PROV Python Library - A Short Tutorial¶

The PROV Python library is an implementation of the Provenance Data Model by the World Wide Web Consortium. This tutorial shows how to use the library to:

create provenance statements in Python;
export the provenance to PROV-N, PROV-JSON, and graphical representations like PNG, SVG, PDF; and
store and retrieve provenance on ProvStore.

Installation¶

To install the prov library using pip with support for graphical exports:

pip install prov[dot]

Note: We recommend using virtualenv (and the excellent companion virtualenvwrapper) to avoid package version conflicts.

If you want to open this notebook and run it locally, install Jupyter notebook (in the same virtualenv) and start the notebook server in the folder where this notebook is saved:

pip install jupyter
jupyter notebook

Create a simple provenance document¶

In this tutorial, we use the Data Journalism example from Provenance: An Introduction to PROV by Luc Moreau and Paul Groth. If you do not have access to the book, you can find the example from the slides by Luc and Paul (starting from slide #15). Please familarise yourself with the example and relevant PROV concepts (i.e. entity, activity, agent, ...) before proceeding with this tutorial.

To create a provenance document (a package of provenance statements or assertions), import ProvDocument class from prov.model:

In [1]:

from prov.model import ProvDocument

In [2]:

# Create a new provenance document
d1 = ProvDocument()  # d1 is now an empty provenance document

Before asserting provenance statements, we need to have a way to refer to the "things" we want to describe provenance (e.g. articles, data sets, people). For that purpose, PROV uses qualified names to identify things, which essentially a shortened representation of a URI in the form of prefix:localpart. Valid qualified names require their prefixes defined, which we is going to do next.

In [3]:

# Declaring namespaces for various prefixes used in the example
d1.add_namespace('now', 'http://www.provbook.org/nownews/')
d1.add_namespace('nowpeople', 'http://www.provbook.org/nownews/people/')
d1.add_namespace('bk', 'http://www.provbook.org/ns/#')

Out[3]:

<Namespace: bk {http://www.provbook.org/ns/#}>

Now we can create things like entities, agents and relate them with one another in a PROV document.

In [4]:

# Entity: now:employment-article-v1.html
e1 = d1.entity('now:employment-article-v1.html')
# Agent: nowpeople:Bob
d1.agent('nowpeople:Bob')

Out[4]:

<ProvAgent: nowpeople:Bob>

The first statement above create an entity referred to as now:employment-article-v1.html, which is the first version of the article about employment in our example. Note that although we provided a string as the entity's identifier, since now is a registered prefix, the library automatically convert the string into a valid qualified name. The newly created entity is assigned to e1.
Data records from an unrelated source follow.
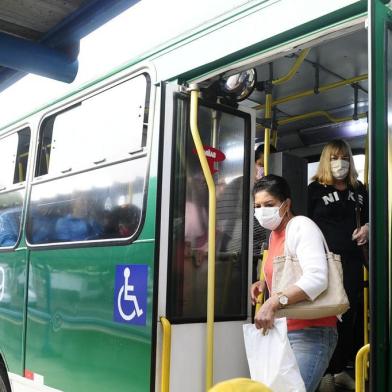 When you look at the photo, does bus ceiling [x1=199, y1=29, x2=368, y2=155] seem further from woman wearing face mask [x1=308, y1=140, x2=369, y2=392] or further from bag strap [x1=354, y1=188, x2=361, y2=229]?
bag strap [x1=354, y1=188, x2=361, y2=229]

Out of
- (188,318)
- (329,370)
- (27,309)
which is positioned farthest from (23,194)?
(329,370)

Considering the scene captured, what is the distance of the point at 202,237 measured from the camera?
3.06 m

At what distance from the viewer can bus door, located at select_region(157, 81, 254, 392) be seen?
9.45ft

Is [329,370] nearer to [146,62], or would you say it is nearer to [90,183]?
[90,183]

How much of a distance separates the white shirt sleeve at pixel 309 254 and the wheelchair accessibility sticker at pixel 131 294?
2.56ft

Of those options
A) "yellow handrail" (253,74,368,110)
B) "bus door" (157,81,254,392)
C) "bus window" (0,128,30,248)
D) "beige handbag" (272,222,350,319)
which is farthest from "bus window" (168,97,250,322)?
"bus window" (0,128,30,248)

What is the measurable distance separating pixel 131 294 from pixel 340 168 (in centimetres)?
152

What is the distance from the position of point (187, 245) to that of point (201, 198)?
0.28 m

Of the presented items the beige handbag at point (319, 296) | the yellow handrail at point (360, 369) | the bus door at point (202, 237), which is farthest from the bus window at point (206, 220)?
the yellow handrail at point (360, 369)

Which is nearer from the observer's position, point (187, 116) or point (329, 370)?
point (187, 116)

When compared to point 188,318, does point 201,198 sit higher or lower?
higher

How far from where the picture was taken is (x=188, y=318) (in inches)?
116

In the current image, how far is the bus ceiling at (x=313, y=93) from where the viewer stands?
363 centimetres

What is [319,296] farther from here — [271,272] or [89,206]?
[89,206] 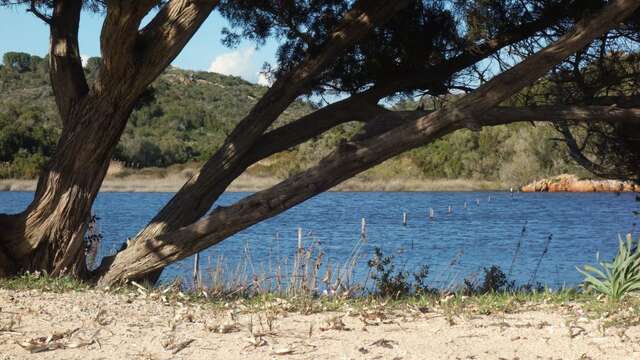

Similarly, the second statement create an agent called nowpeople:Bob. Apart from the d1. part at the begining of each Python statement, these statements closely resemble the correstponding PROV-N statements to assert the same information. This is a principle we followed when designing the prov library, as can be seen throughout this tutorial.

In [5]:

# Attributing the article to the agent
d1.wasAttributedTo(e1, 'nowpeople:Bob')

Out[5]:

<ProvAttribution: (now:employment-article-v1.html, nowpeople:Bob)>

In [6]:

# What we have so far (in PROV-N)
print(d1.get_provn())

document
  prefix now <http://www.provbook.org/nownews/>
  prefix nowpeople <http://www.provbook.org/nownews/people/>
  prefix bk <http://www.provbook.org/ns/#>
  
  entity(now:employment-article-v1.html)
  agent(nowpeople:Bob)
  wasAttributedTo(now:employment-article-v1.html, nowpeople:Bob)
endDocument

We can add more to our simple document. The following adds a new entity govftp:oesm11st.zip, which is a void:Dataset and has the label employment-stats-2011. The entity's type and label are domain-specific information; similar information can be added to any record as the last argument of a statement (or as a keyword argument other_attributes).

The last statement below then asserts that the article now:employment-article-v1.html was derived from the data set.

In [7]:

# add more namespace declarations
d1.add_namespace('govftp', 'ftp://ftp.bls.gov/pub/special.requests/oes/')
d1.add_namespace('void', 'http://vocab.deri.ie/void#')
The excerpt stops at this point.